Post-Rapture Radio by Russell Rathbun

Filed under: Spirituality | Buy on Amazon

With comparisons to Kierkegaard, pull quotes saying things like "so pithy, so smart, and irreverently funny that I almost bust a gut laughing," and rave reviews from folks like Brian McLaren, Tony Jones, Doug Pagitt and Andy Crouch, it's hard not to like this book. I didn't like it.

The basic set up is the Kierkegaardian story where Russell Rathbun (a pastor at the very unchurch House of Mercy in St. Paul, Minn.) finds a collection of writings from the Rev. Richard Lovelamb, a seemingly crazy preacher who talks at length about the conspiracy that is Contemporary Christian Culture. Apparently we've all missed the boat with our megamall churches, polo shirts and SUVs. The entire book is Lovelamb's journal entries and sermons, plus a few scattered comments from Rathbun, as Lovelamb tries to expose the conspiracy.

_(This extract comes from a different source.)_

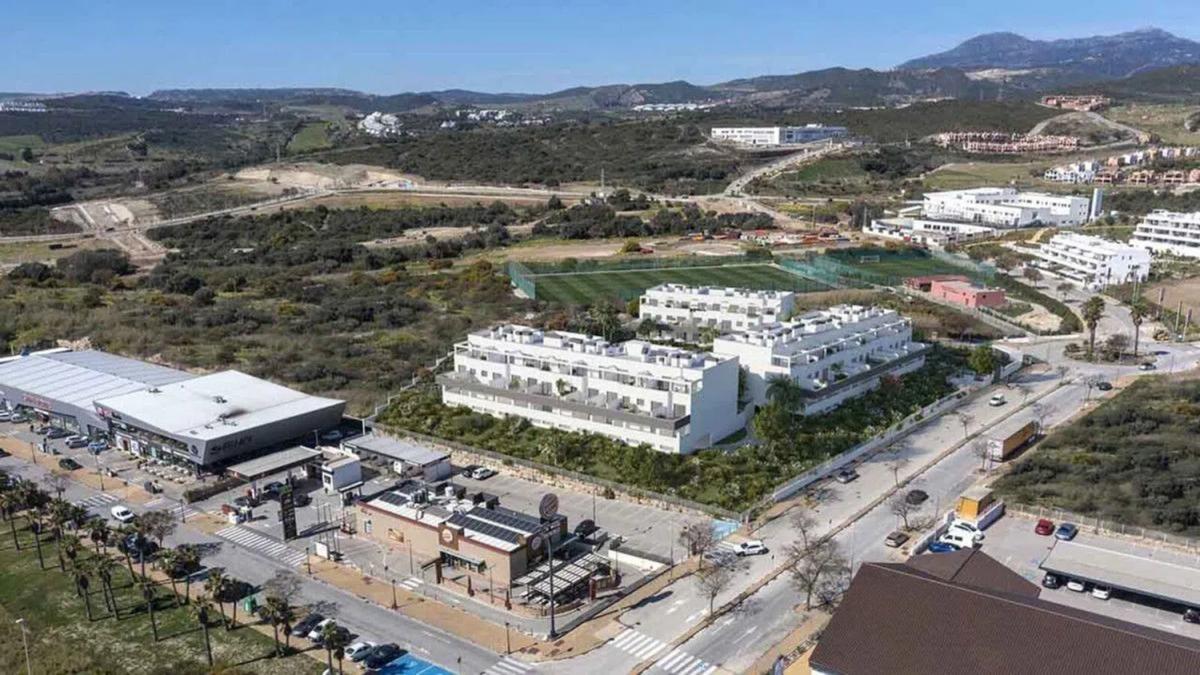 Venta de piso en Calle Josefina Samper, Estepona
 photo 3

I resonate with the idea. I laughed a few times. But as a whole the execution just didn't do it for me. The hardcore emergent types out there will probably love it (which explains the kudos), but the rest of us probably won't be so satisfied. It's a book that raises a lot of questions, but doesn't provide a lot of answers. It speaks to the growing audience of people dissatisfied with church as a cultural institution, but it's not the best book out there on the subject. It's certainly unique in the field, but for this reader, unique didn't mean better.

I think my biggest disappointment was the title. It's pitched with this post-rapture setting, a sort of Left Behind but nobody noticed thing. But that's not exactly the literal case. A few of Lamblove's journal entries explore that territory, but the whole book doesn't flow from that setting.

Bottom line: It doesn't live up to the hype.